Provided data -
####

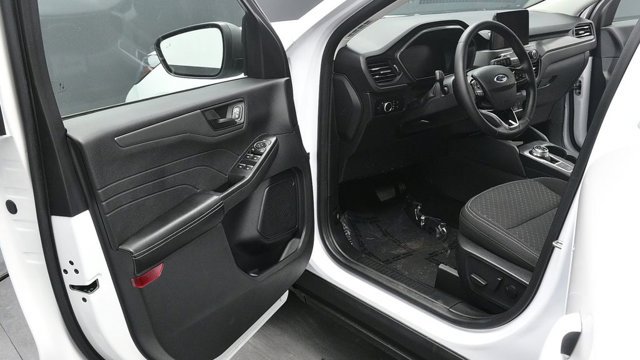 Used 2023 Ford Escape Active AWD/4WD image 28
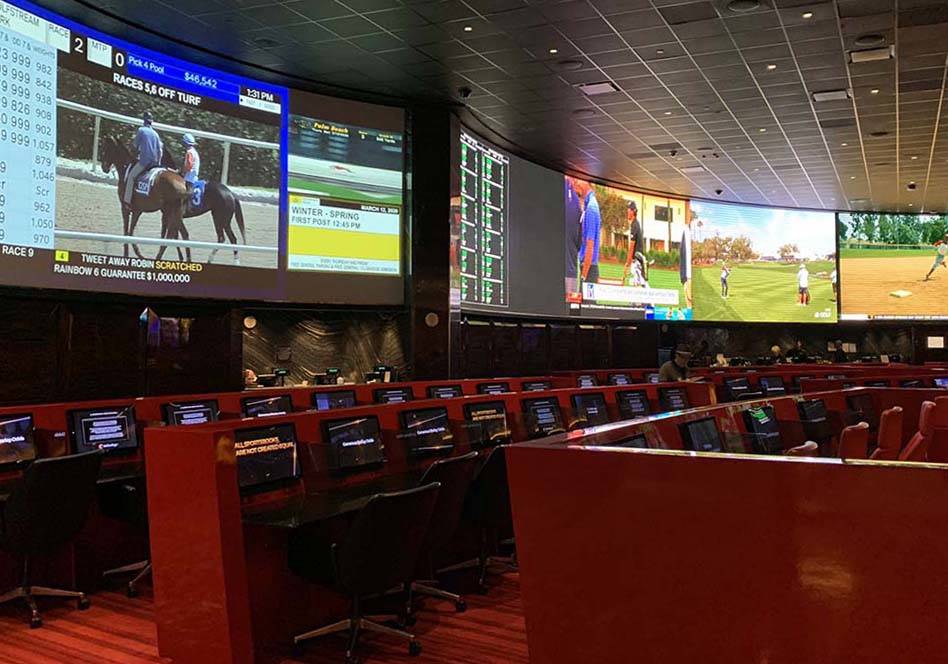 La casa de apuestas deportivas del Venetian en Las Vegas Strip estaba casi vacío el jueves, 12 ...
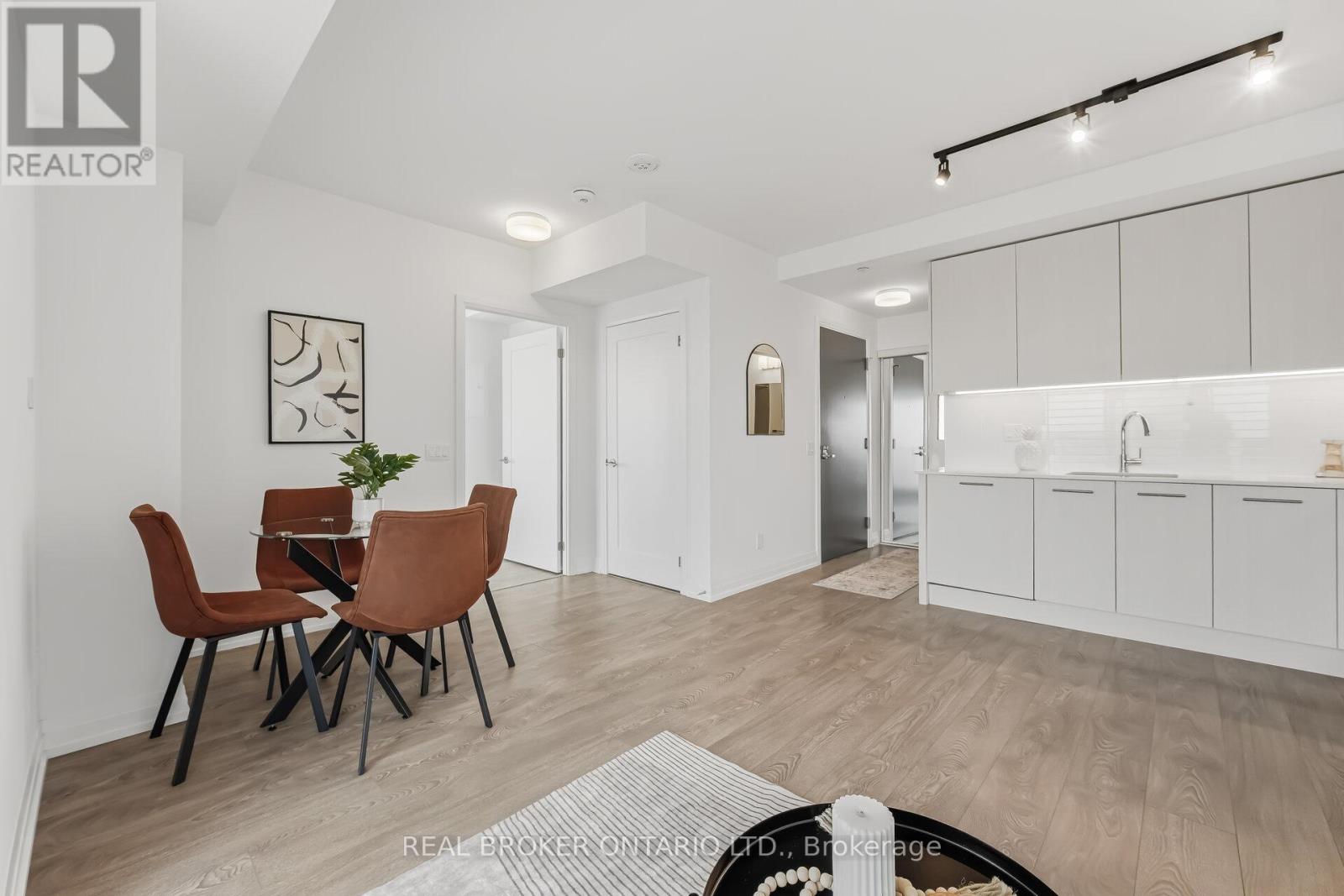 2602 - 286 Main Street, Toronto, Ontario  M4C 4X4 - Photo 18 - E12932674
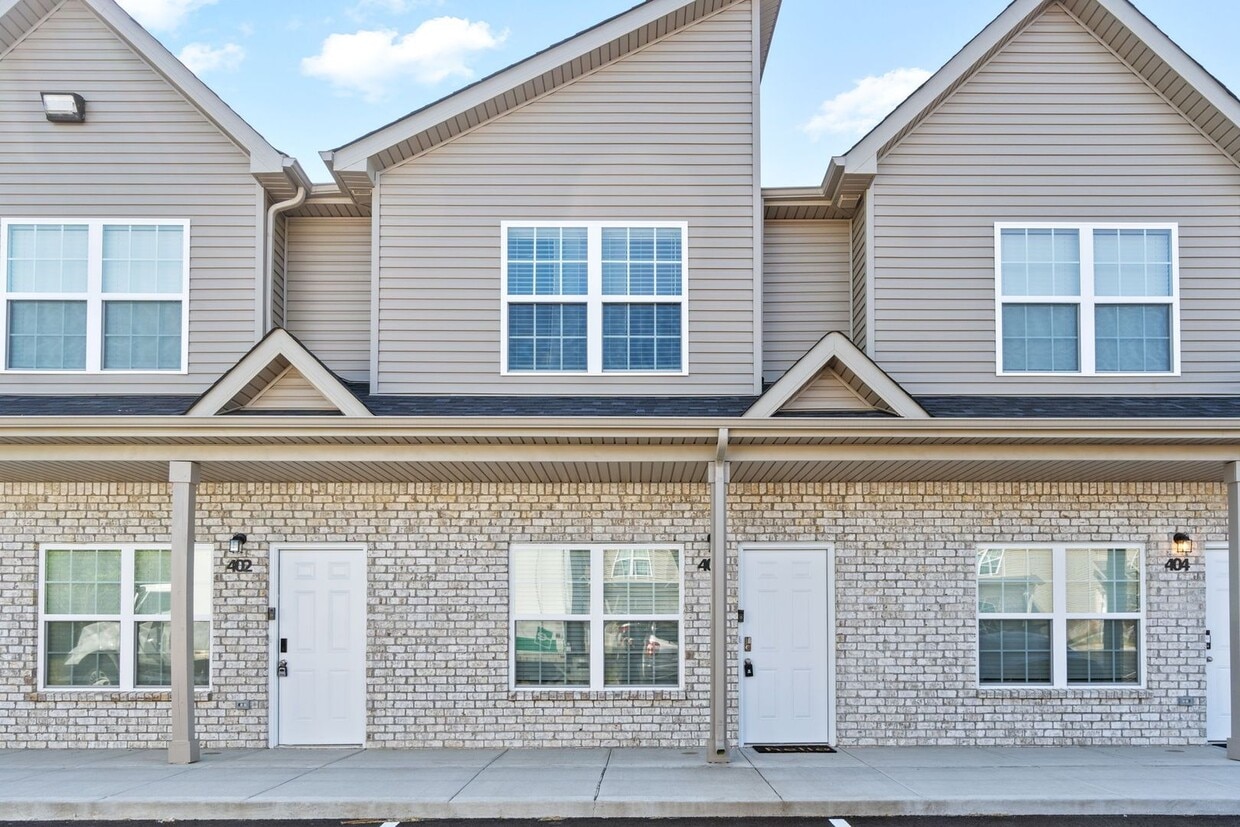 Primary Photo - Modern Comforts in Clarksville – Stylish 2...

####

Problem statement - The lines to be transcribed are those from the first line of the data above through the line holding "2602 - 286 Main", inclusive; copy them exactly and only, leaving out the pictures.

Output below -
 Used 2023 Ford Escape Active AWD/4WD image 28
 La casa de apuestas deportivas del Venetian en Las Vegas Strip estaba casi vacío el jueves, 12 ...
 2602 - 286 Main Street, Toronto, Ontario  M4C 4X4 - Photo 18 - E12932674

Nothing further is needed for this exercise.